- Problem description -
Once you reach the line containing "1124 Dormie Dr, Naples, FL 34108 - Photo 3", copy it and every line after it exactly, through the end of the data below.

- Dataset content -
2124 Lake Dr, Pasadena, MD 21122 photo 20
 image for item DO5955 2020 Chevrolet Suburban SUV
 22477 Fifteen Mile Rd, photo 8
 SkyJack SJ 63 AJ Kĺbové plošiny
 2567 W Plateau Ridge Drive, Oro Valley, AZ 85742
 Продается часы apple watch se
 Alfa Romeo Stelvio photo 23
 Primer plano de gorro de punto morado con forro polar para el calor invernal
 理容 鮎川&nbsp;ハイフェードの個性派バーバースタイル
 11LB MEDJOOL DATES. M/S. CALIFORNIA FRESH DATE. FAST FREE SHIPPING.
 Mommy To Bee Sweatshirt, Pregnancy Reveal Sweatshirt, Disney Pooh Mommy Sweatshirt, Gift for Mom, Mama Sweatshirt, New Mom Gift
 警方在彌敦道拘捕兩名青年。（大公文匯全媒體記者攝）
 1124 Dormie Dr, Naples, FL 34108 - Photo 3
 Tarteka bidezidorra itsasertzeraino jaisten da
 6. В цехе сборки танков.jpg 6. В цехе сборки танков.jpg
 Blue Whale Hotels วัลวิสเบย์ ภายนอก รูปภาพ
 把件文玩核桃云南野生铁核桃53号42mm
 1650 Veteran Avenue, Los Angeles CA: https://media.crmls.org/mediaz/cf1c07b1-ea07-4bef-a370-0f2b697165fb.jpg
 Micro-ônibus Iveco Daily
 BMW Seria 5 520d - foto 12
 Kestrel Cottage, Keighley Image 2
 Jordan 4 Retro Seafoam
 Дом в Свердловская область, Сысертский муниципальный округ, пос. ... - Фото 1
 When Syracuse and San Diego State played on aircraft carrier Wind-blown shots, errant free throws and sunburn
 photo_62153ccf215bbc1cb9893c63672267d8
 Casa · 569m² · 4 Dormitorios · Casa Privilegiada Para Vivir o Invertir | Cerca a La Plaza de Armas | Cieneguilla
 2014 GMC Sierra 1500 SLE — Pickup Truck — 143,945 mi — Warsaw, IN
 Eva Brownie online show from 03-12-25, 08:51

- Answer for this exercise -
 1124 Dormie Dr, Naples, FL 34108 - Photo 3
 Tarteka bidezidorra itsasertzeraino jaisten da
 6. В цехе сборки танков.jpg 6. В цехе сборки танков.jpg
 Blue Whale Hotels วัลวิสเบย์ ภายนอก รูปภาพ
 把件文玩核桃云南野生铁核桃53号42mm
 1650 Veteran Avenue, Los Angeles CA: https://media.crmls.org/mediaz/cf1c07b1-ea07-4bef-a370-0f2b697165fb.jpg
 Micro-ônibus Iveco Daily
 BMW Seria 5 520d - foto 12
 Kestrel Cottage, Keighley Image 2
 Jordan 4 Retro Seafoam
 Дом в Свердловская область, Сысертский муниципальный округ, пос. ... - Фото 1
 When Syracuse and San Diego State played on aircraft carrier Wind-blown shots, errant free throws and sunburn
 photo_62153ccf215bbc1cb9893c63672267d8
 Casa · 569m² · 4 Dormitorios · Casa Privilegiada Para Vivir o Invertir | Cerca a La Plaza de Armas | Cieneguilla
 2014 GMC Sierra 1500 SLE — Pickup Truck — 143,945 mi — Warsaw, IN
 Eva Brownie online show from 03-12-25, 08:51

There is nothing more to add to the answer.